Rupa Publications | 304 pages | Published: January 2017
I haven’t read Sorabh Pant’s two previous books—The Wednesday Soul and Under Delhi—so I picked up Pawan: The Flying Accountant without any idea of what kind of writer he is, or what kind of book it was. I liked the name, which suggested that it was a goofy comedy of a corporate slave who discovers that he has superpowers and begins to uphold justice after office hours—a kind of flying Dilbert story.
But while there is comedy in the novel, the story is much more firmly situated in the genres of mythology and fantasy than the title might suggest. There’s plenty of wisecracking from the characters, but at the book’s heart is a serious story about a character that doesn’t fit among human beings, and chooses anyway to wage a battle for them.
The protagonist, Arjun Singh, is a demigod with immense physical powers, who is recruited by a rogue team assembled by a liquor baron to help assist the Indian armed forces. As the book progresses, you learn that Singh is part of a lineage of creatures known as Pawans (the book’s version of the Ramayana’s monkey race) who have superhuman strength and have worked alongside the country’s defence forces for decades. But Arjun Singh is reluctant to sign on, cynical as he is of the country’s political scenario. He finally gives in for the money, and joins a ragtag group of fighters known as the Secular Gang whose mission is to rescue four fishermen who have been captured by the Chinese government. The rest of the plot follows this mission to the border town of Tawang, where Singh and his team members are tested in battle.
But while there is comedy in the novel, the story is much more firmly situated in the genres of mythology and fantasy than the title might suggest.
Given that Pant is a comedian, it’s natural to expect the book to be funny. And it is, though it’s primarily in silly asides and quips than any deeper situational or conceptual humour. And if his style isn’t to your taste, those jokes can distract from the plot, and reduce characters to caricatures rather than allow them to have real depth. But if they don’t bother you, the book proves to be a decent read, though the prose is occasionally sloppy (sample: “it looked like a toy town, a Lego set that represented more than residence of a lakh.”)
Pant has competent writing chops, though, and he fares best in his action scenes, such as one in which the protagonist faces off with a robot dragon.
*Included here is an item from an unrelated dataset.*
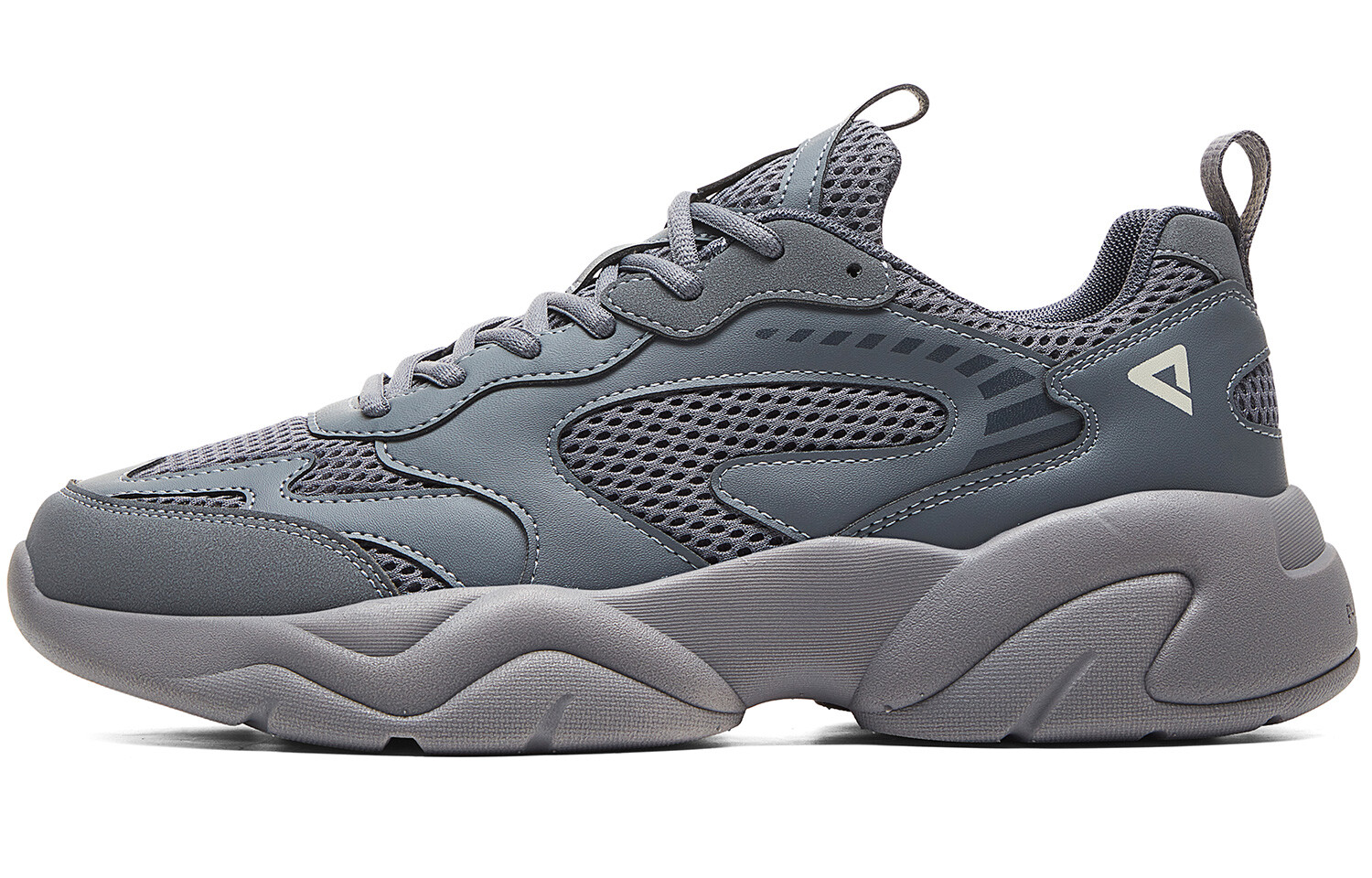 Кроссовки PEAK Lifestyle Shoes Men Low-top Palomar Ash, цвет Palomar Ash, Серый, Кроссовки PEAK Lifestyle Shoes Men Low-top Palomar Ash, цвет Palomar Ash
Кроссовки PEAK Lifestyle Shoes Men Low-top Palomar Ash, цвет Palomar Ash, Серый, Кроссовки PEAK Lifestyle Shoes Men Low-top Palomar Ash, цвет Palomar Ash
He sees “a meteor blaze through the dim orange sky and smash into the dragon in front him. The dragon shook in protest as the meteor crushed the cockpit. The blazing ball changed direction and smashed once again into the dragon.” That’s not great, but it’s vivid enough to keep you in the story. (Some latter parts of the book are surprisingly gory, and move firmly away from anything resembling comedy.)
Overall, the book is a worthy read for Pant’s fans, revealing as it does a very different and substantial side to his creative powers. It’s remarkable to think of the loud, jovial comic we’ve seen so much on stage sit down and compose a novel that touches on political questions of power and nationhood, and culminates in what is quite a moving climax. For non-fans, the book doesn’t quite achieve the literary heft it sets out to achieve, and so may be missable.